In order to double the space available to indicate registers in the Short Indexed instructions, there are no 48-bit indexed memory reference instructions for the byte data type, which would use up fully half of the opcode space available as they require an undiminished displacement field.
Only a tiny bit of space is left to include 32-bit versions of the conditional jump instructions and subroutine call instructions, but it can be made to serve.
The destination register field, while it serves to indicate where to store the return address for the jump to subroutine instruction, is unused for a jump instruction, and is therefore available to indicate the condition applicable to a conditional jump, as was done on the IBM System/360. This is complicated somewhat for the Short Indexed format, in which the destination register field has been reduced to three bits in length, but sufficient opcode space is still available.
Given that instructions are aligned on halfword boundaries, and there is no alternate kind of instruction that is aligned on 32-bit boundaries to jump to, both possible values of the one spare bit in the displacement may be used given that 16-bit alignment is the terminal alignment for this instruction type.
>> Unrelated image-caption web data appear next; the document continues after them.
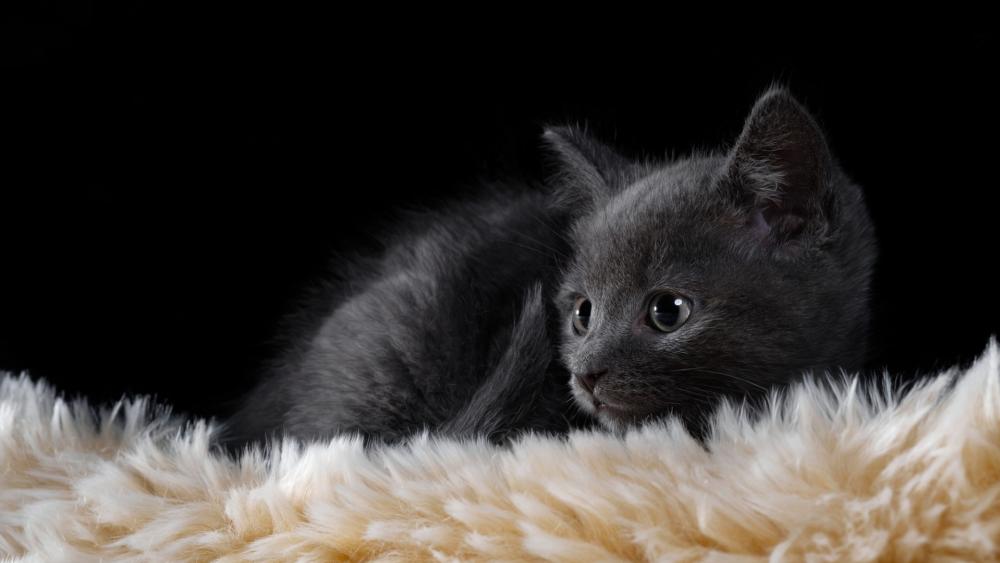 Black Kitten Resting on Soft Fluffy Blanket wallpaper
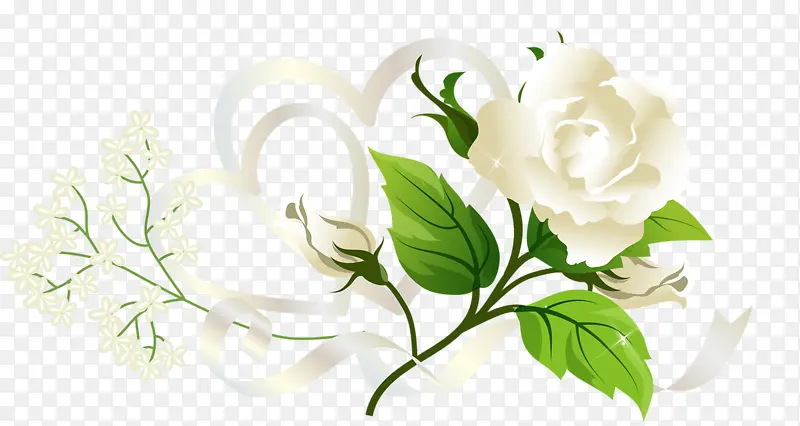 漂亮白色玫瑰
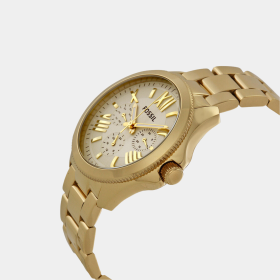 FOSSIL LADIES WATCH AM4510 2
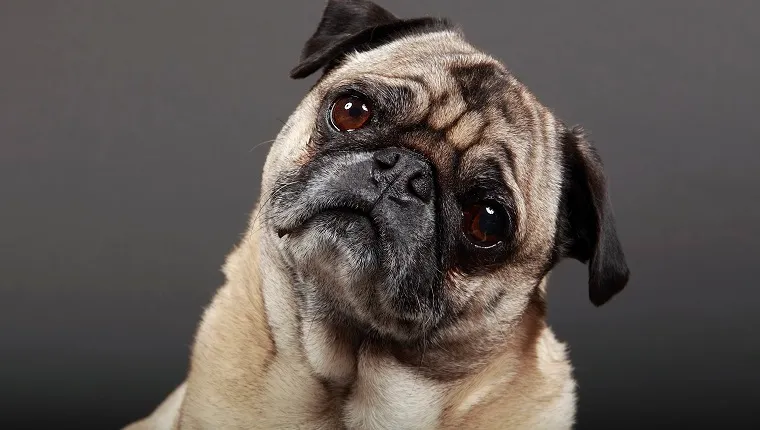 Portrait of Fawn Pug tilting his head and staring.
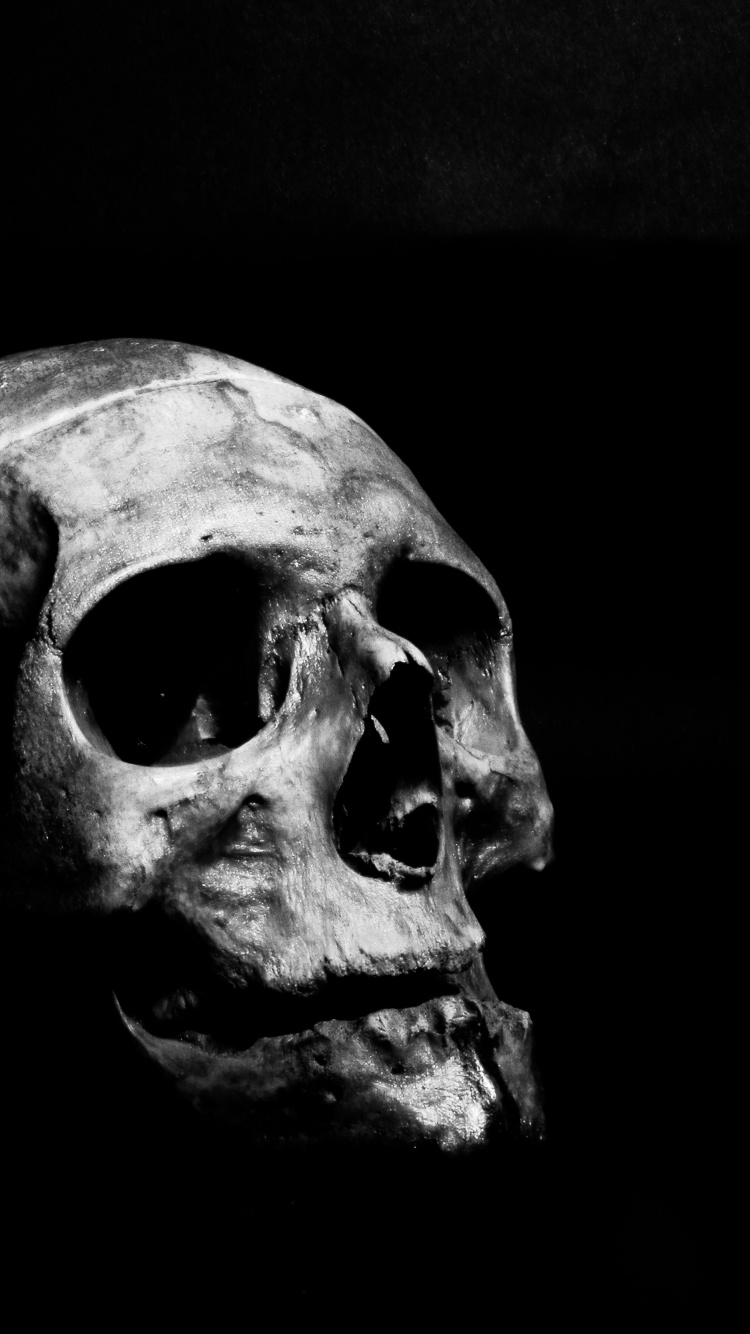 Обои черный и белый, пасть, кость, череп, арт в разрешении 750x1334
This is needed because while there is extra space among the Aligned format instructions, none is available among the Short Indexed format instructions.
In order to fit the Short Indexed jump instructions in the limited space available, their format is modified. Only index registers 0 to 3 are available for them, unlike registers 0 to 7, made available for the other Short Indexed memory reference instructions. Also, since the destination register field is three bits long, instead of four, two opcodes rather than one are allocated to the conditional jump instructions.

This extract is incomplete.